Now look at the impedance curve of the 8 ohm tweeter
An externally hosted image should be here but it was not working when we last tested it.
Look at where the impedance is between 5KHz and 20K.Hz It starts somewhere around 8 ohms range at 5KHz and at 20KHz it's about 11 ohms. So just the impedance of this 8 ohm tweeter on it's own is always about 1 - 3 ohms higher than the impedance of the PSB 2B crossover and tweeter combined at any frequency in that 5 - 20 KHz range.
Now look at the impedance curve of the 4-ohm tweeter.
An externally hosted image should be here but it was not working when we last tested it.
It starts at about 3.5 - 4 ohms at 5KHz and at 20 Khz it's about 5 ohms so it's always about 3 ohms lower than that of the entire speaker the whole way through that range (as Galu pointed out earlier).
I know the tweeter used by PSB in the image 2B was not the exact same as one of these two but it was the same general type. Probably the biggest difference was that it had an aluminum polypropylene dome and these two Vifa tweeters are fabric (silk) domed. The Vifas are reported to be a little more sensitive as well.

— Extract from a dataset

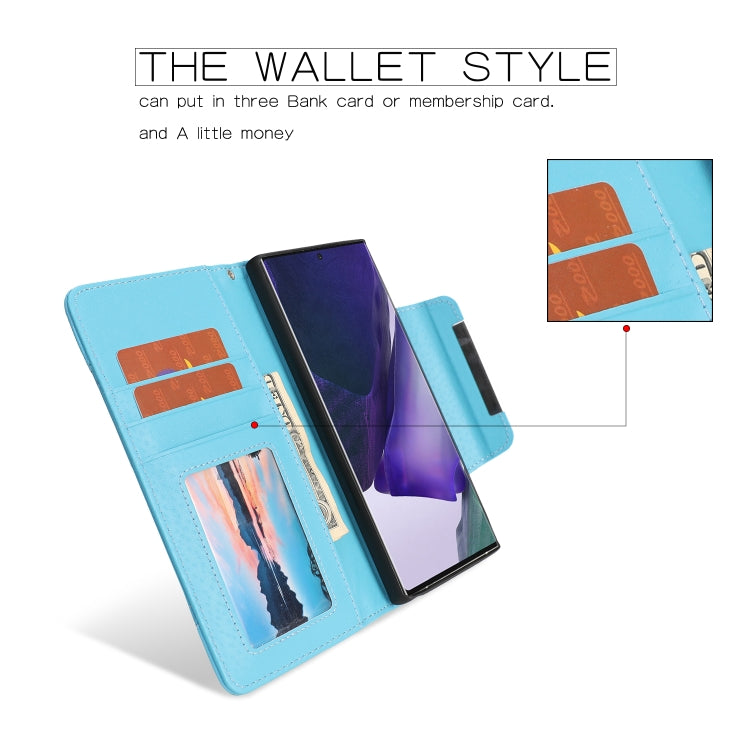 For Samsung Galaxy Note20 Ultra Litchi Texture Horizontal Flip Buckle Detachable Magnetic PU Leather Case with Card Slots & Wallet & Photo Frame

If you look at the impedance curve of the 8-ohm Vifa, it stays pretty close to 8-ohms over a lot of its range so it's pretty hard to imagine that PSBs tweeter would've had much lower impedance than this Vifa 8-ohm if it were an 8-ohm tweeter. If we accept that as being true then logic would dictate that PSB's tweeter couldn't have been an 8-ohm tweeter because its impedance alone would be higher than what was reported by the crossover and tweeter in the Image 2B speaker from 5KHz - 20KHz (useful) range.
In looking at the impedance curve for the 4-ohm Vifa, I think you can also assume that if PSB's tweeter was a 4-ohm, it's impedance curve wouldn't likely be a whole lot different than the Vifa 4-ohm's from 5 KHz - 20 KHz. So unless PSB made, or had some other company make them, a custom non-standard impedance tweeter for this and several other of their speakers that used this tweeter (my guess is this is unlikely) logic states that tweeter had to have been a 4-ohm impedance tweeter and cannot have been an 8-ohm. Is this correct/valid reasoning?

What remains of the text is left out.